**Task statement:**
Your copy must start with the line containing "Lake Size M" and end with the last line of the entries, matching them exactly and leaving out every picture.

The data section start

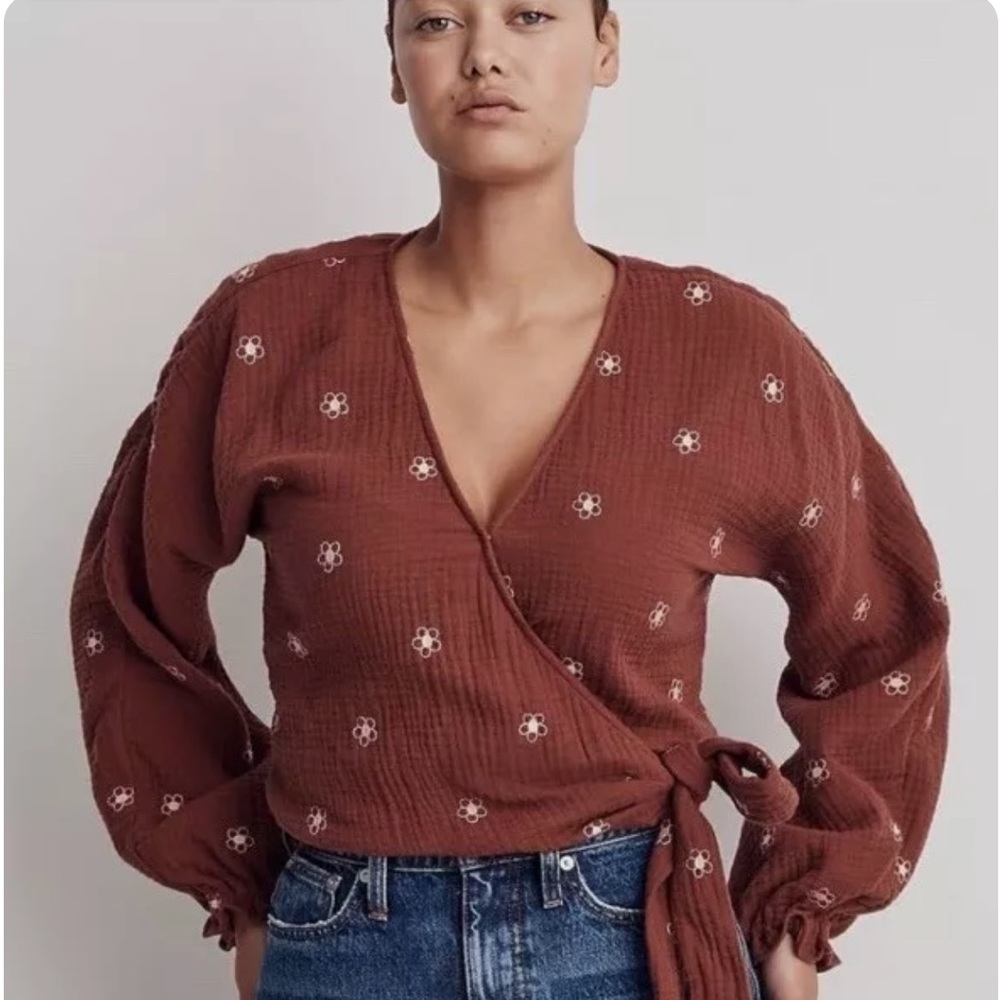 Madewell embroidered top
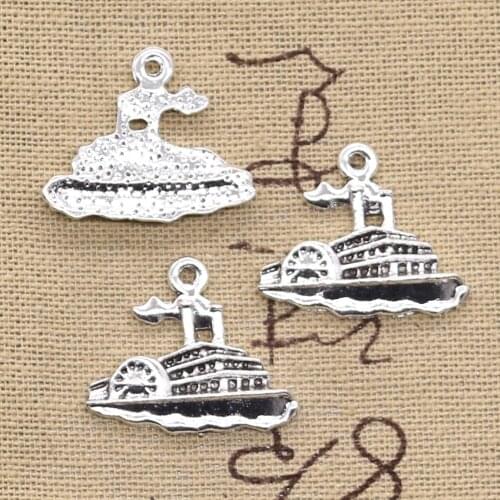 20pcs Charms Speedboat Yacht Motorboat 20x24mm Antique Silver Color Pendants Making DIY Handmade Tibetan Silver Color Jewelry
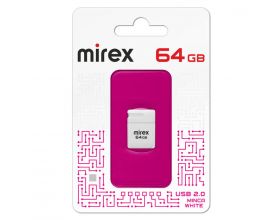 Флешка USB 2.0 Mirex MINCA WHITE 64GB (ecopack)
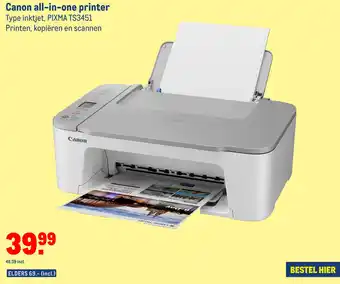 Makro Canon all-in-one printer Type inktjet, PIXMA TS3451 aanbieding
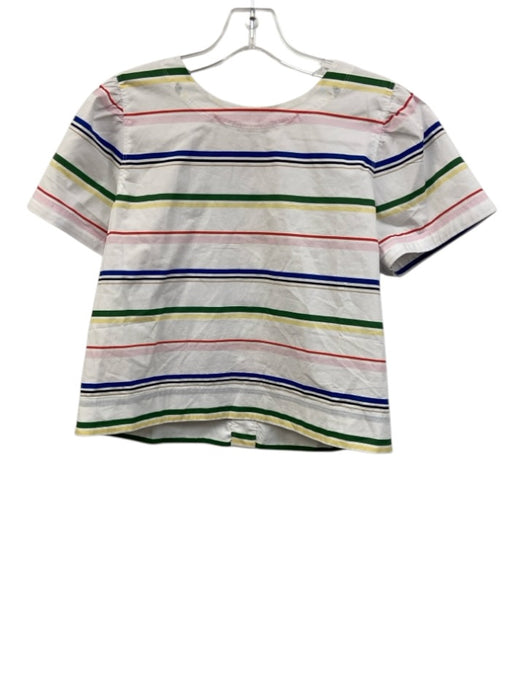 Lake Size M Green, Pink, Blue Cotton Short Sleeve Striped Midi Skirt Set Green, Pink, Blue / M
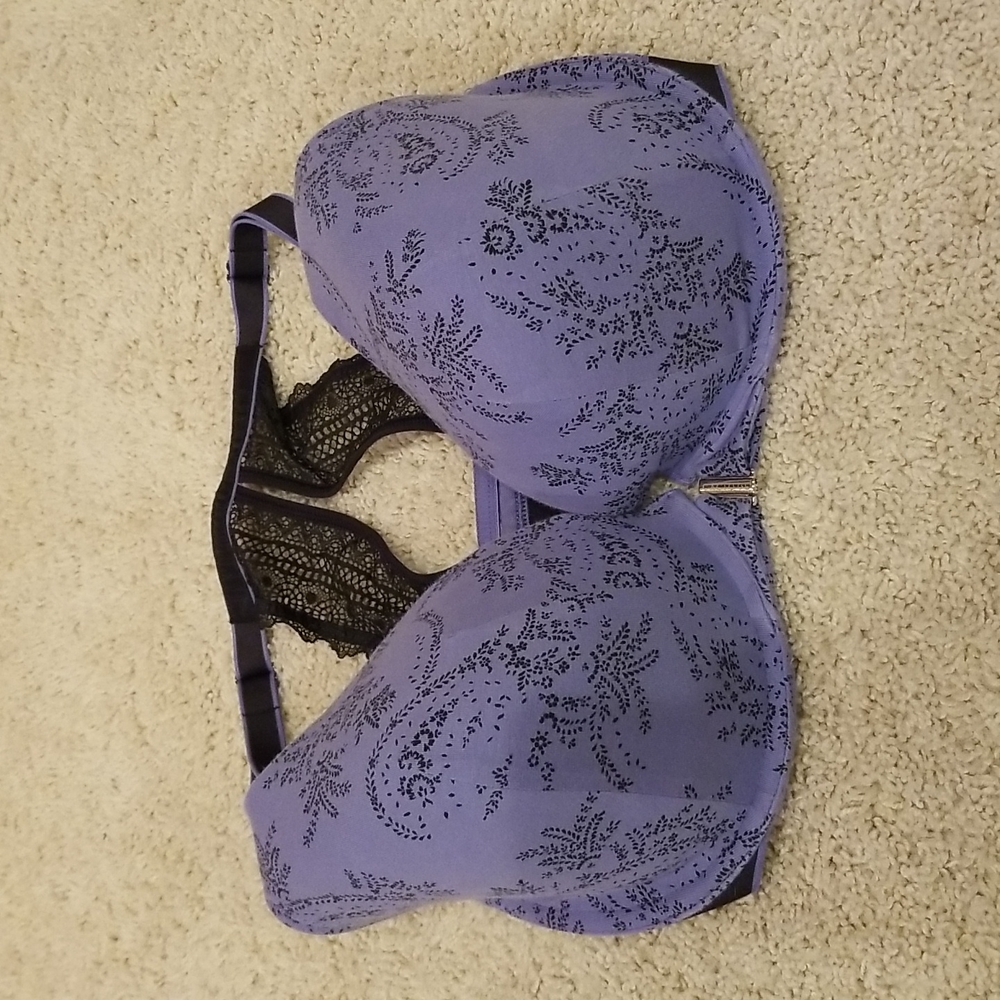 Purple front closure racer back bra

The data section end

**Result of the task:**
 Lake Size M Green, Pink, Blue Cotton Short Sleeve Striped Midi Skirt Set Green, Pink, Blue / M
 Purple front closure racer back bra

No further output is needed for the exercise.